In a recent article entitled ‘Whatever happened to the term Alpha Wolf’ written by L. David Mech, Mech discusses the decline of the use of the word ‘alpha’ in books and articles about wolves. He further discusses that ‘Rather than viewing a wolf pack as a group of animals organised with a ‘top dog’ that fought its way to the top, or a male-female pair of such aggressive wolves, science has come to understand that most wolf packs are merely family groups formed exactly the way human families are formed’ Mech 2008.

Domestic dogs like wolves are social animals and thrive in company. They have adapted to live in family units with us.

Unfortunately, the influence of the research in the 1970’s despite being disproved still circulates widely among dog owners and professionals. The term ‘Alpha’ is used to describe the leader of the pack, and owners and professionals who subscribe to the pack theory of dog training believe that our dogs are trying to take the role of the ‘Alpha’ (and be the leader of the pack) and we as human owners should keep that role for ourselves with constant shows of dominance as demonstrated by the wolves in captivity.

David Ryan says ‘The “pack” and “dominance” theory of domestic dogs is a harmful meme. It prevents many owners understanding their dogs, causes untold misery for both and is perpetuated by well-meaning but uninformed dog trainers around the world. It is proving extremely resistant to extinction.’

The pack theory has become so popular that it has been televised by celebrity dog trainers and touted as a cure all in texts by dog professionals. It is a quick fix and easy to understand. It is much more simplistic than learning theory and in some cases can be seen to work temporarily, usually where a dog has shut down.

In reality dog training and the solving of behavioural problems can take weeks if not months of very slow progress which does not appeal to dog owners and does not make good TV!

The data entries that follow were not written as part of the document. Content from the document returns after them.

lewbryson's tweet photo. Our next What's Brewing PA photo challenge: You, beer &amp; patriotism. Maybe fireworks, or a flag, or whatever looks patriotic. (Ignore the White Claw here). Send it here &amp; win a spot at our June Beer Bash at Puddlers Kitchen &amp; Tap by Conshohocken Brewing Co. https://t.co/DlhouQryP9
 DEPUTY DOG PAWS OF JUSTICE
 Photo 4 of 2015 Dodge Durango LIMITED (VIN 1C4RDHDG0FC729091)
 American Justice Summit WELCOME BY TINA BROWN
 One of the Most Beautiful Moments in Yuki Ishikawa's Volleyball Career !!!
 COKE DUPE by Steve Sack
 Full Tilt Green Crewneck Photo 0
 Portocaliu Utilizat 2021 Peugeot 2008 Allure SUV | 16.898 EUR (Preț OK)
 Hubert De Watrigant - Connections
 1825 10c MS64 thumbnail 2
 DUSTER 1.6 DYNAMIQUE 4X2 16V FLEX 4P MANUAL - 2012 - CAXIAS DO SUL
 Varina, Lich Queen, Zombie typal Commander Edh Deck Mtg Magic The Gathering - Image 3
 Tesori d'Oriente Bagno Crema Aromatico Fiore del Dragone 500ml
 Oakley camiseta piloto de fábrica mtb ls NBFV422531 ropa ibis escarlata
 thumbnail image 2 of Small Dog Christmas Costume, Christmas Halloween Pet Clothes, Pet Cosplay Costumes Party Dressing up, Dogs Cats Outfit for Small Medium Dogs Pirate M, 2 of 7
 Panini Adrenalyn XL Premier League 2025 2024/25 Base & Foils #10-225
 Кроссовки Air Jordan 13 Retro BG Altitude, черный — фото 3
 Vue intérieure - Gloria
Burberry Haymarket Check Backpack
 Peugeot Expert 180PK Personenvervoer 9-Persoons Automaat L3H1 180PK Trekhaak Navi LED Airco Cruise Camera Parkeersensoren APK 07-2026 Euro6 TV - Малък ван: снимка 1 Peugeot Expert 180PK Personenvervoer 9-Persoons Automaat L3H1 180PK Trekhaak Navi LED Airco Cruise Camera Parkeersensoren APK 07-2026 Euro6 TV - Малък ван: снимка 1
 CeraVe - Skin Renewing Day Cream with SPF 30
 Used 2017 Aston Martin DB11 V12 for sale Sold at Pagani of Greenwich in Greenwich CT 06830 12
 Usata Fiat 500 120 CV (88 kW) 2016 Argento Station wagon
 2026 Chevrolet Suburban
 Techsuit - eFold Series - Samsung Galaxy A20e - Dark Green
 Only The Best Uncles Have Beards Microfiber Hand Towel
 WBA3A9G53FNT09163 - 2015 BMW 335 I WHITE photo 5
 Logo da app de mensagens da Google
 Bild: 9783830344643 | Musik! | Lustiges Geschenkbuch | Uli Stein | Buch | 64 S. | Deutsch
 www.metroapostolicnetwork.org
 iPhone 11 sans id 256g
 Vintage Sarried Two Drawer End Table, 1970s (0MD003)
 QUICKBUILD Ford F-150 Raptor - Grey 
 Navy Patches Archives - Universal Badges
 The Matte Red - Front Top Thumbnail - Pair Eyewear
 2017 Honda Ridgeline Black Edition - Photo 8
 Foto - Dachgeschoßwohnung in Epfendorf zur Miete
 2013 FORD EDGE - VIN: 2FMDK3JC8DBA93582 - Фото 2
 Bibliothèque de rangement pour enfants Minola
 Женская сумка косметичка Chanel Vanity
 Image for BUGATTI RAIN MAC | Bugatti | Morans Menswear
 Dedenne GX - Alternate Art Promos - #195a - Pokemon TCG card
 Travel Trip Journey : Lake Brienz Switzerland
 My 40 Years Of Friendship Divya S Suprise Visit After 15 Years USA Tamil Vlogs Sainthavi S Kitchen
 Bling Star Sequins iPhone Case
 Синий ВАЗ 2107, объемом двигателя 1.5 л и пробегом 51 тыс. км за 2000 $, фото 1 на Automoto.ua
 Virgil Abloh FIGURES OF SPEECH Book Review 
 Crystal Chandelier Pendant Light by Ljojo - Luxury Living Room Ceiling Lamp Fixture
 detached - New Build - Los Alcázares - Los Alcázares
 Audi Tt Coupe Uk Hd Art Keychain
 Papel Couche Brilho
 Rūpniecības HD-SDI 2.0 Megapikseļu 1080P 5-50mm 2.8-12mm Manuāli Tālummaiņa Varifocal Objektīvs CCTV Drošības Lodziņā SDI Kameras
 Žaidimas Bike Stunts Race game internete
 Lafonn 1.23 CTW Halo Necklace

The pack theory followers suggest that we assert our authority by eating before our dogs, going through doorways before our dogs, and pinning our dogs to the ground with an ‘Alpha roll’ should they misbehave.

The ‘Alpha roll’ in particular will have an extremely negative impact on our dogs and the relationship between dogs and their owners. Our dogs will not understand what we are doing when we try to ‘Alpha roll’ then, and if they feel threatened and scared they may be forced to defend themselves and may growl, snap or bite at their owner.

Our dogs know we are not dogs. Our dogs are no longer wolves, they shared an ancestor with wolves many thousands of years ago. Wolves survive by hunting as a team, our dogs survive by scavenging and eating the food we provide. Any similarities between wolves and dogs lie primarily in their means of communication but cleverly our domestic dogs have evolved ways of communicating with us which wolves do not have.